Alaska News Roundup for September 24

  • The ire over Sen. Lesil McGuire’s (R-Anchorage) $6,500 Seattle Conference hotel bills is growing to such an extent that the former Lt. Governor candidate has revoked her staff’s ability to sign the senator’s name in future and have been verbally flogged via the Dispatch. Her staffers have personally repaid the state for their $450-a-night hotel stay. This issue is sure to come up on an increasing basis during her highly contentious 2016 primary battle.

 Still a catchy tune


  • The Mexican Consulate, currently located in downtown Anchorage, might be leaving the state completely-but not without a fight from a quickly formed group that is urgently advocating to keep their doors open past November 1st. KTVA reports that so far 900 people have been signed to their petition and that the consulate’s closure will affect the 4,000+ Mexicans residing in Alaska.
  • Sen. Anna MacKinnon (R-Eagle River) shared the news that the Senate Majority was pleased with the message Gov. Bill Walker had about the PFD and the current fiscal situation the state faces.
  • The Fairbanks North Star Borough Assembly meets tonight to discuss the proposed commercial cannabis zoning ordinances and regulations. There will also be an opportunity for public testimony and fingers-crossed…a vote! The Fairbanks News Miner has the skinny on what Assemblymen Lance “Straight Shooter” Roberts, John Davies, Van Lawrence, and the ever-eloquent Assemblywoman Diane Hutchison are looking for in the ordinances. It promises to be an interesting hearing.

  • The City and Borough of Juneau Assembly Planning Commission proved their hipster street cred (and economic savvy) by allowing waterfront pot shops without a single objection, per the Juneau Empire.
  • Wasilla’s Post Office will now have extended hours to accommodate the influx of the now closed Settlers Bay-Contract Unit in part due to the pressure Rep. Don Young, Sen. Lisa Murkowski and Sen. Dan Sullivan put on the USPS.

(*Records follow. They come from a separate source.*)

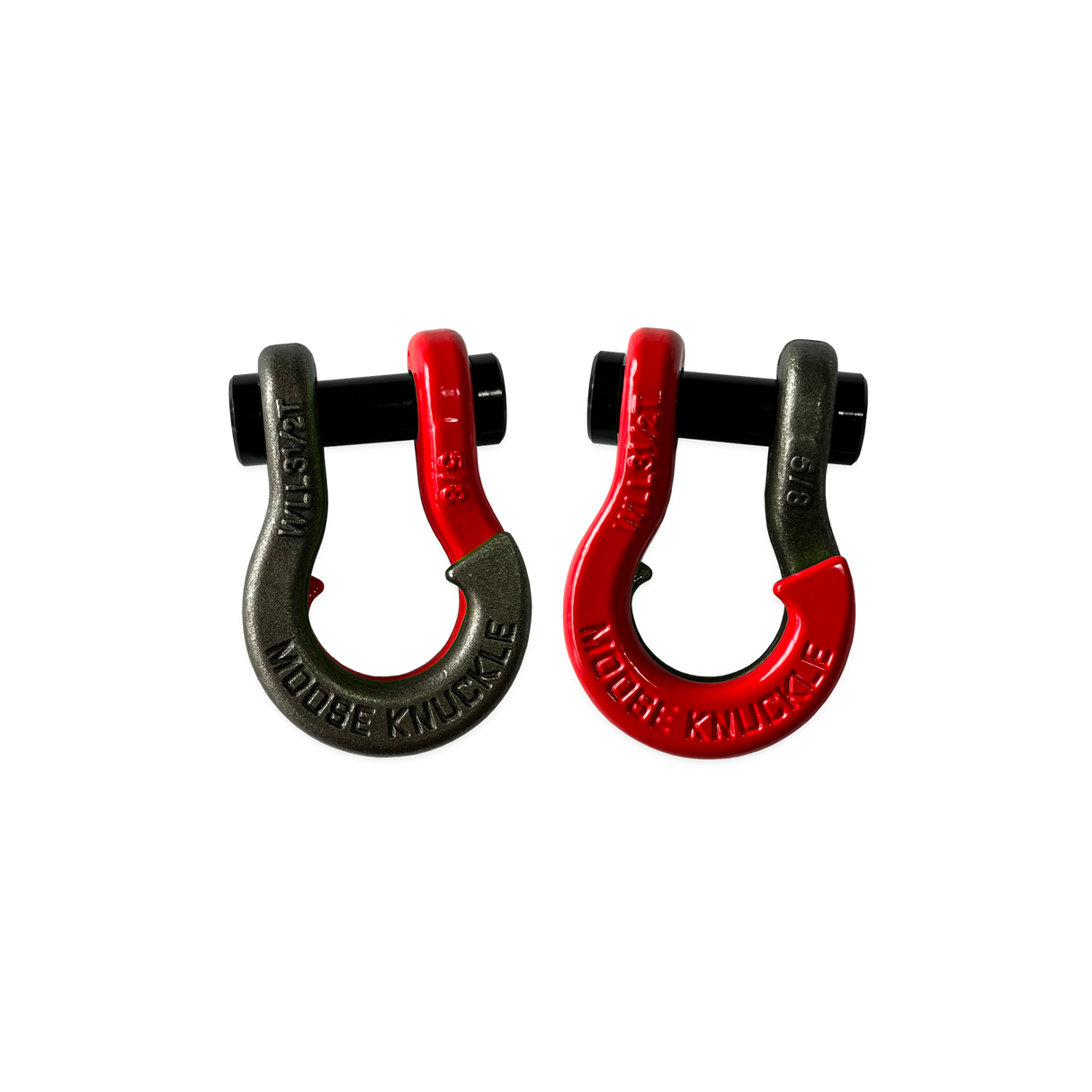 Jowl® SxS Recovery Split Shackle® 5/8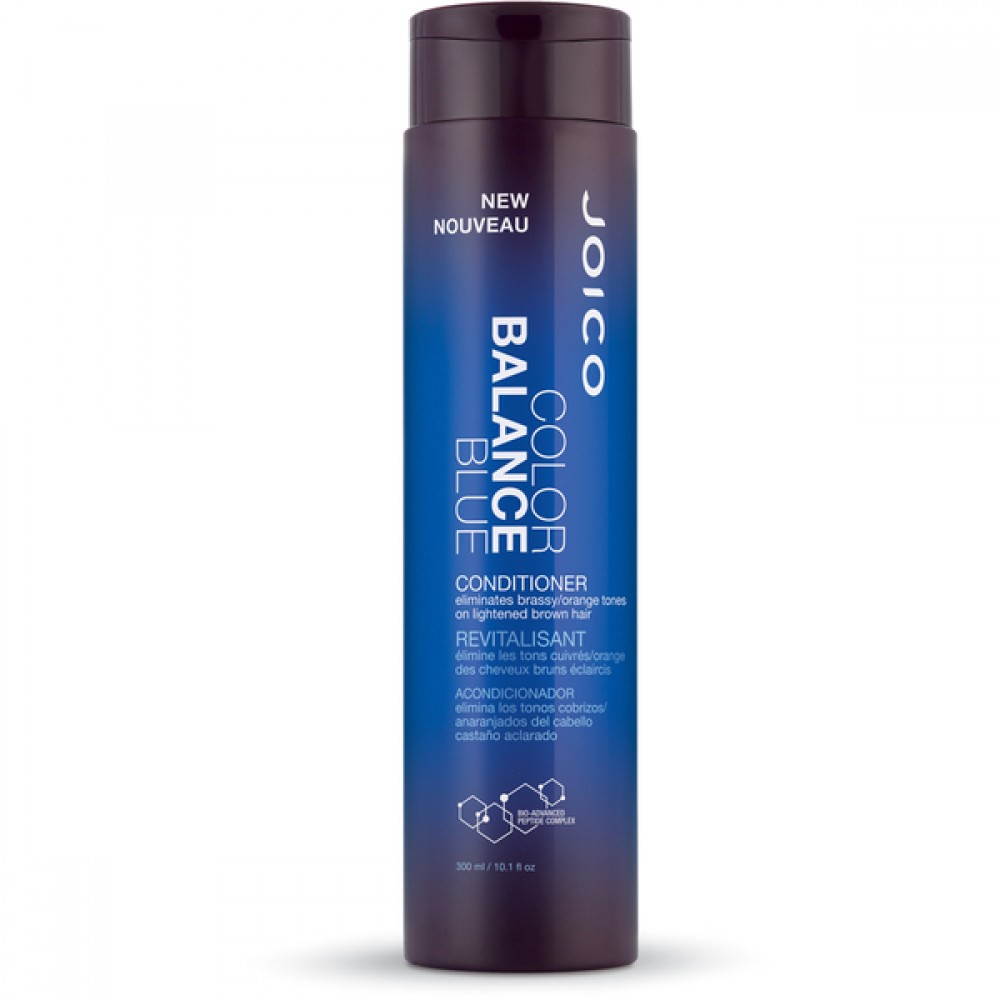 Кондиционер тонирующий для холодных оттенков Joico Color Balance Blue shampoo conditioner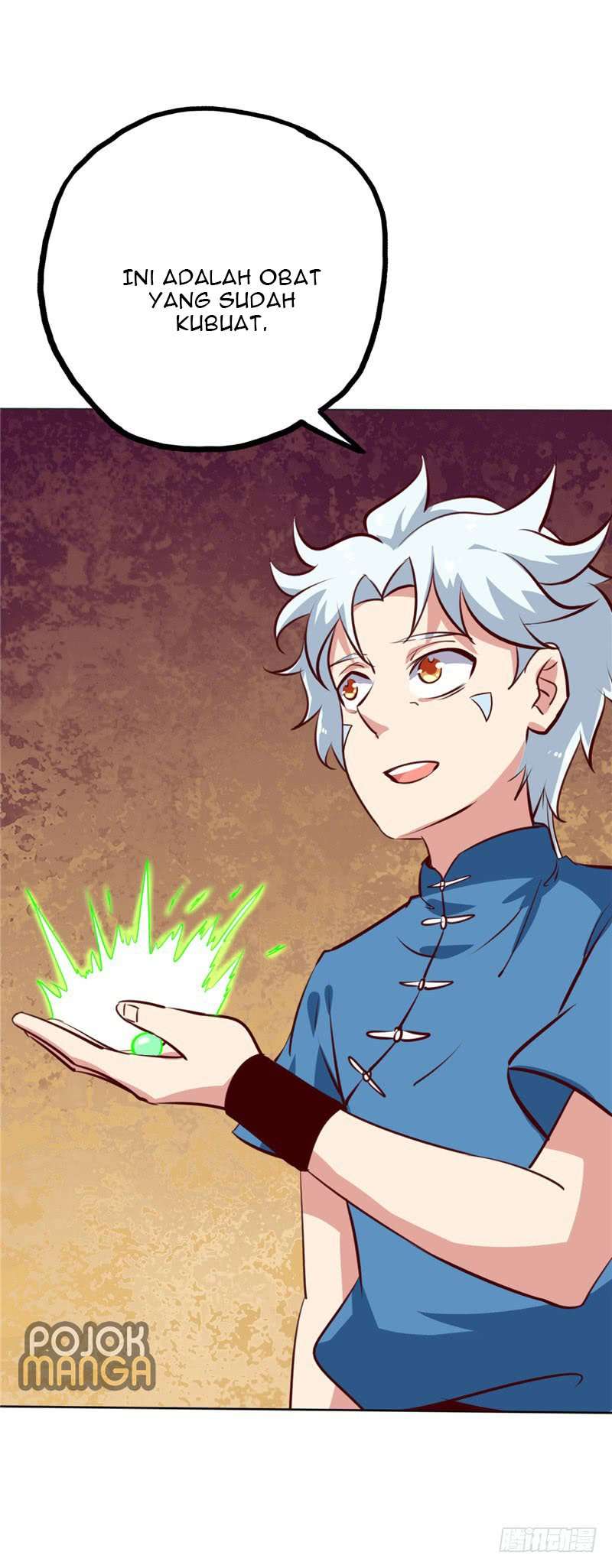 Supreme Godly System chapter 69 halaman 22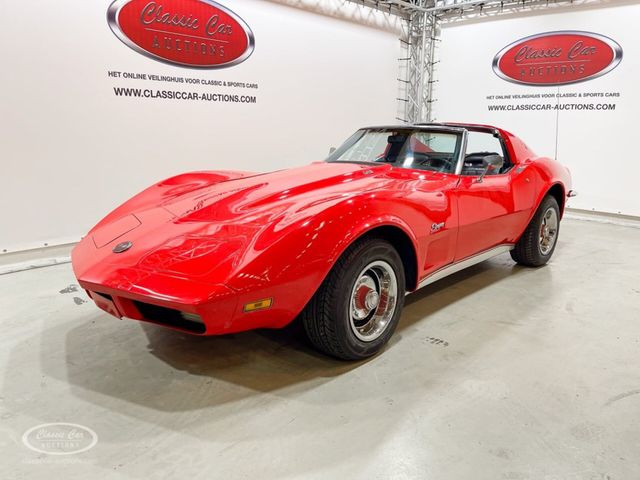 Chevrolet Corvette Targa L82 - ONLINE AUCTION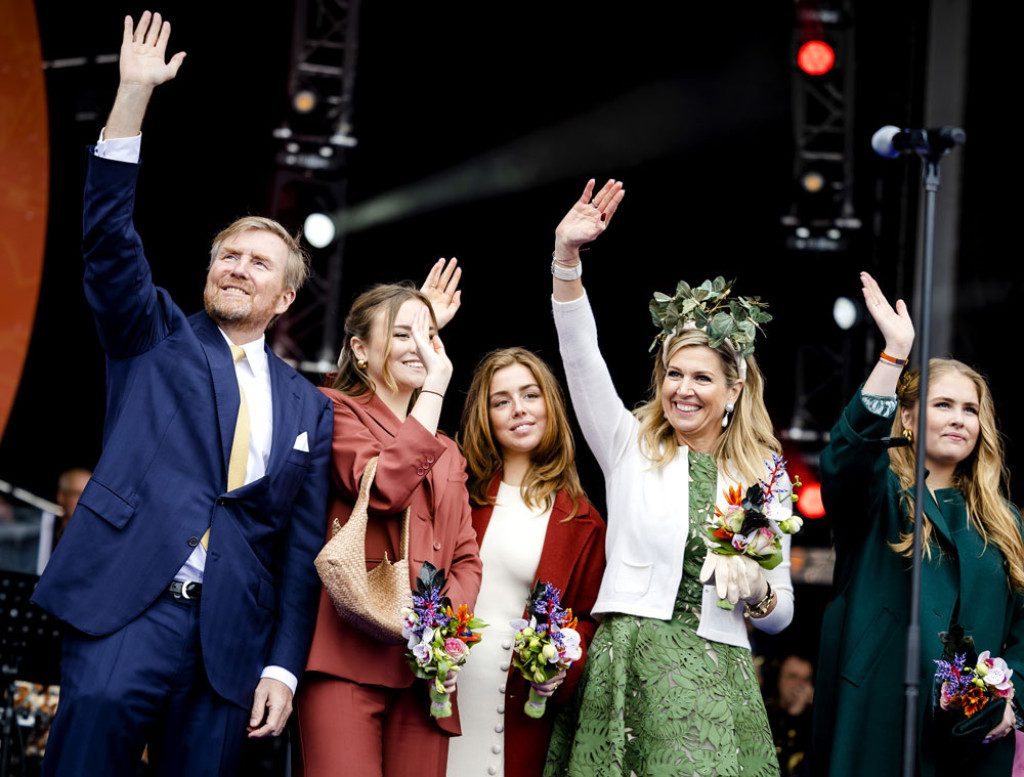 koninklijke familie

Letter Credit of Rep. Don Young


  • Sen. Cathy Giessel (R-Anchorage) held the second hearing of the tax credit-working group where APRN witnessed Cook Inlet energy companies explaining the vital role the tax credits play in their internal financial structure.
  • Rep. Scott Kawasaki (D-Fairbanks) will be arriving in Japan tomorrow as part of a US Asian American political delegation where he will undoubtedly continue the work begun by Gov. Bill Walker regarding the state’s future LNG project and other economic endeavors between the Japanese and Alaska peoples.
  • Also on tap for the Fairbanks North Star Borough Assembly will be the decision to purchase six acres for $133,905. The area would expand the current Birch Hill Recreation Area and allow area schools greater access for winter and summer sports.
  • Commercial cannabis companies are feeling the pinch of working in the gray as APRN relays the uptick in felony charges regarding marijuana sales at a time where it is technically legal in the state to have pot, but not to sell it…yet and many believe that the charges won’t stick because of the confusing language of the newly codified law(s).
  • President Obama’s trip to Alaska seems to indeed have had a lasting impression on his conscience as he explains to Rolling Stone (!) that he will be enacting new EPA rules and regulations regarding carbon emissions. Something tells me that our Washington Delegation won’t greet this news with a smile.


    Photo Credit of Rolling Stone/Pres. Obama enjoying the sights of Kotzebue…as one does.

  • Five months. That is how long cannabis business owners must wait until they can receive their permits and start paying taxes on their products. The Anchorage Assembly is continuing to labor over the details of where and how they can operate legally within the muni.
  • In sad trombone news: the State Pot Board has dictated a wicked low legal amount allowed in marijuana edibles for commercial use. Like, half the individual serving size that is allowed in three other legalized states’ codes-low. The Juneau Empire explains their reasons in a close 3-2 vote.